• [What this task involves]: All lines from the one that contains "Rochița Nissa cu dantela neagră" to the end of the data must be retyped exactly. Pictures are not retyped.

• [Input data]:
....

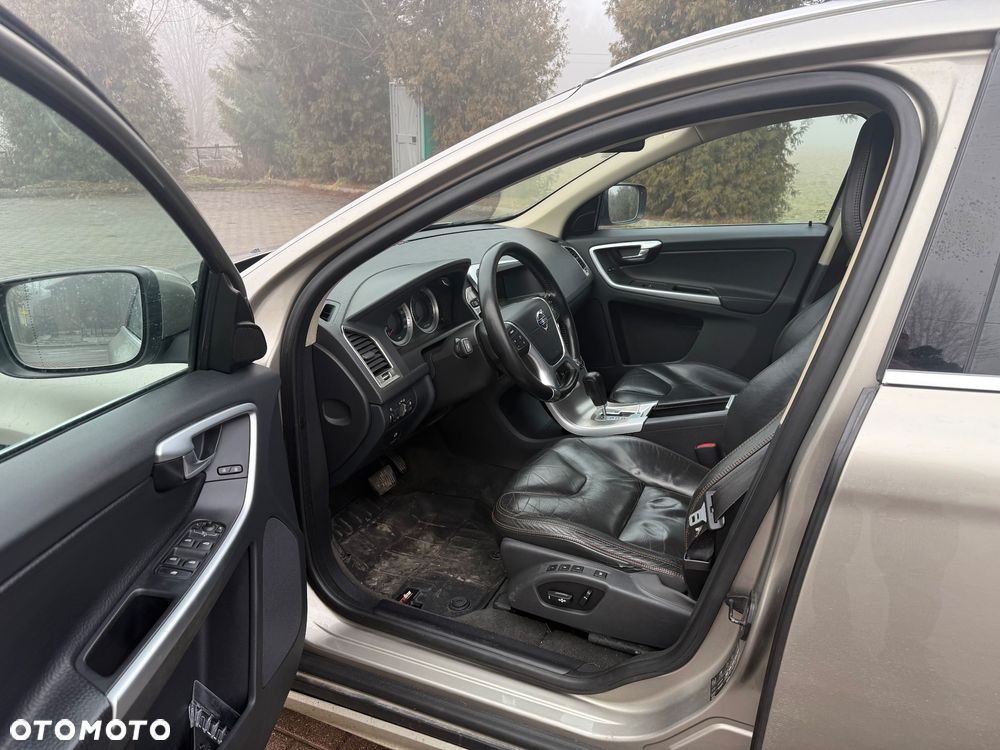Volvo XC 60 D5 AWD Momentum - 14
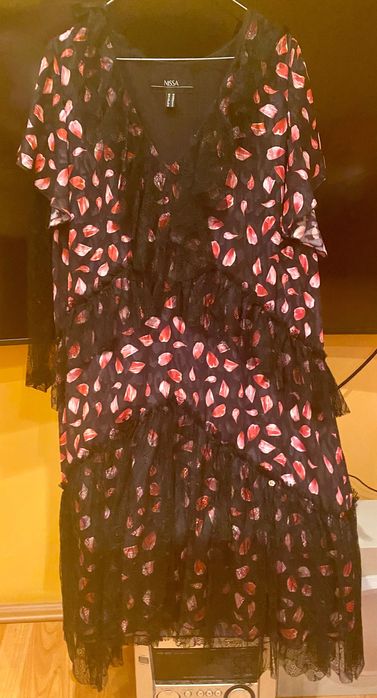 Rochița Nissa cu dantela neagră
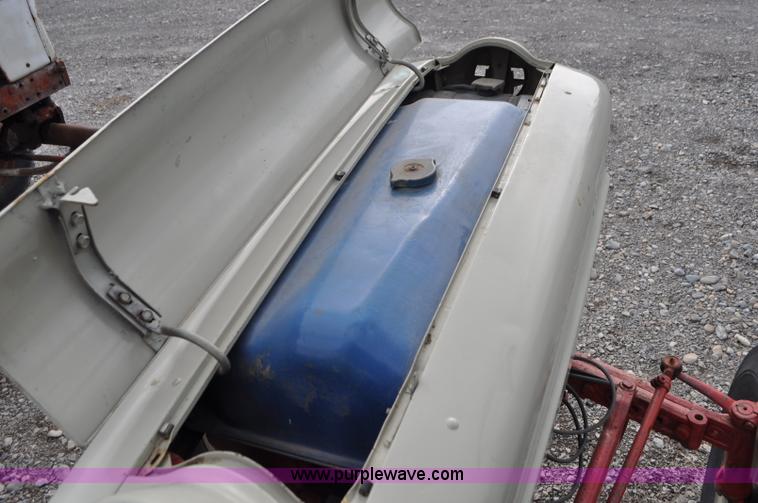 image for item G7365 1955 Ford 640 tractor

....

• [Result of this exercise]:
 Rochița Nissa cu dantela neagră
 image for item G7365 1955 Ford 640 tractor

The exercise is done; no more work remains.